Directive: Build a B+ tree index over NORAD catalog IDs. Point lookups must be O(log N) in the number of records. Range scans over contiguous NORAD ID ranges must traverse only the relevant leaf pages.
The B-tree is the most widely deployed index structure in database systems. PostgreSQL, MySQL/InnoDB, SQLite, and most file systems use B-tree variants for ordered key lookups. This module covers the structure, invariants, and maintenance operations (splits and merges) that keep the tree balanced under insert and delete workloads.
Learning Outcomes
After completing this module, you will be able to:
- Describe the B-tree invariants (minimum fill factor, sorted keys, balanced height) and explain why they guarantee O(log N) lookups
- Implement node split and merge operations that maintain B-tree balance on insert and delete
- Distinguish between B-trees and B+ trees, and explain why B+ trees are preferred for range scans and disk-based storage
- Implement a B+ tree leaf-level linked list for efficient range scans over NORAD ID ranges
- Analyze the I/O cost of B-tree operations in terms of tree height and page size
- Integrate a B+ tree index with the page manager from Module 1
Lesson Summary
Lesson 1 — B-Tree Structure: Keys, Pointers, and Invariants
The B-tree data structure: internal nodes, leaf nodes, the fill factor invariant, and the guarantee of O(log N) height.

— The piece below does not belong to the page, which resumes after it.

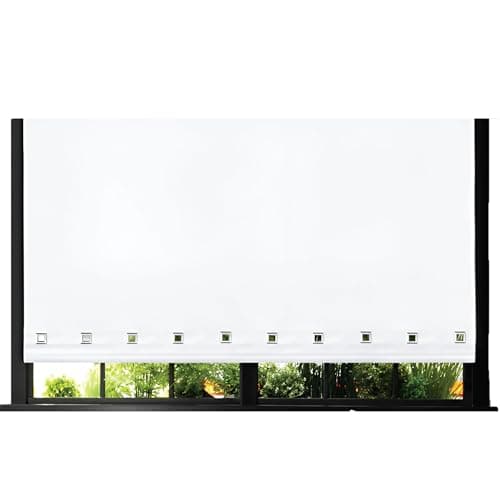 Image of Funky Gadgets Roller Blinds Square Eyelet Light Filtering Roller Blind Daylight Trimmable Blinds Child Safe Easy Fit Metal Tube Home Office Window Blinds- White, W120 x L165cm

How keys and child pointers are arranged within a node, and how the tree is traversed for point lookups.
Key question: What is the maximum height of a B-tree indexing 100,000 NORAD IDs with a branching factor of 200?
Lesson 2 — Node Splits and Merges
Maintaining B-tree balance under writes. How inserts cause node splits (bottom-up), how deletes cause node merges or redistributions, and how these operations propagate up the tree. The difference between eager and lazy merge strategies.

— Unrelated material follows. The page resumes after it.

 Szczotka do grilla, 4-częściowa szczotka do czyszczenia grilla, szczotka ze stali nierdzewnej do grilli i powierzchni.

Key question: Can a single insert into a B-tree with height H cause more than H page writes?
Lesson 3 — B+ Trees and Range Scans
The B+ tree variant: all data in leaf nodes, internal nodes hold only separator keys, and leaf nodes are linked for sequential access. Why this layout is optimal for disk-based storage engines that need both point lookups and range scans.
Key question: Why do B+ trees outperform B-trees for range scans even when both have the same height?

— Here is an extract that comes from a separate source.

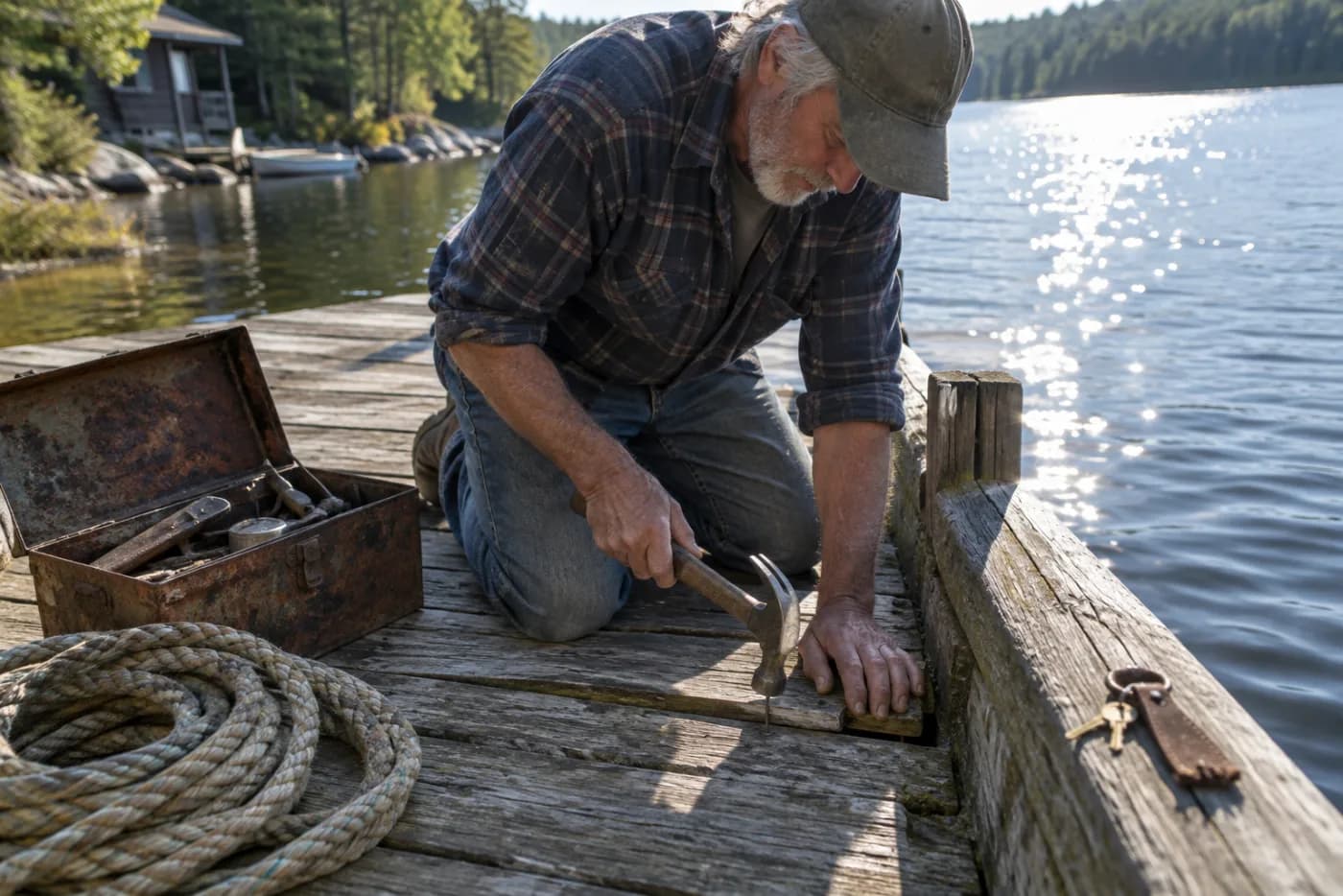 Man repairing a loose dock plank at a lakeside family cabin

Capstone Project — B+ Tree TLE Index Engine
Build a B+ tree index over NORAD catalog IDs that supports point lookups, range scans, inserts, and deletes. The index is backed by the page manager from Module 1 — each B+ tree node is a slotted page in the buffer pool. Full project brief in project-btree-index.md.
File Index
module-02-btree-index-structures/
├── README.md ← this file
├── lesson-01-btree-structure.md ← B-tree structure and invariants
├── lesson-01-quiz.toml ← Quiz (5 questions)
├── lesson-02-splits-merges.md ← Node splits and merges
├── lesson-02-quiz.toml ← Quiz (5 questions)
├── lesson-03-bplus-trees.md ← B+ trees and range scans
├── lesson-03-quiz.toml ← Quiz (5 questions)
└── project-btree-index.md ← Capstone project brief
Prerequisites
- Module 1 (Storage Engine Fundamentals) completed
- Understanding of slotted pages and the buffer pool
What Comes Next
Module 3 (LSM Trees & Compaction) introduces a fundamentally different index structure optimized for write-heavy workloads. The B+ tree you build here is read-optimized — every insert modifies pages in-place, which is expensive for high write throughput. The LSM tree takes the opposite approach: batch writes in memory and flush them to immutable files. Understanding both structures and their tradeoffs is essential for choosing the right approach for the OOR's workload.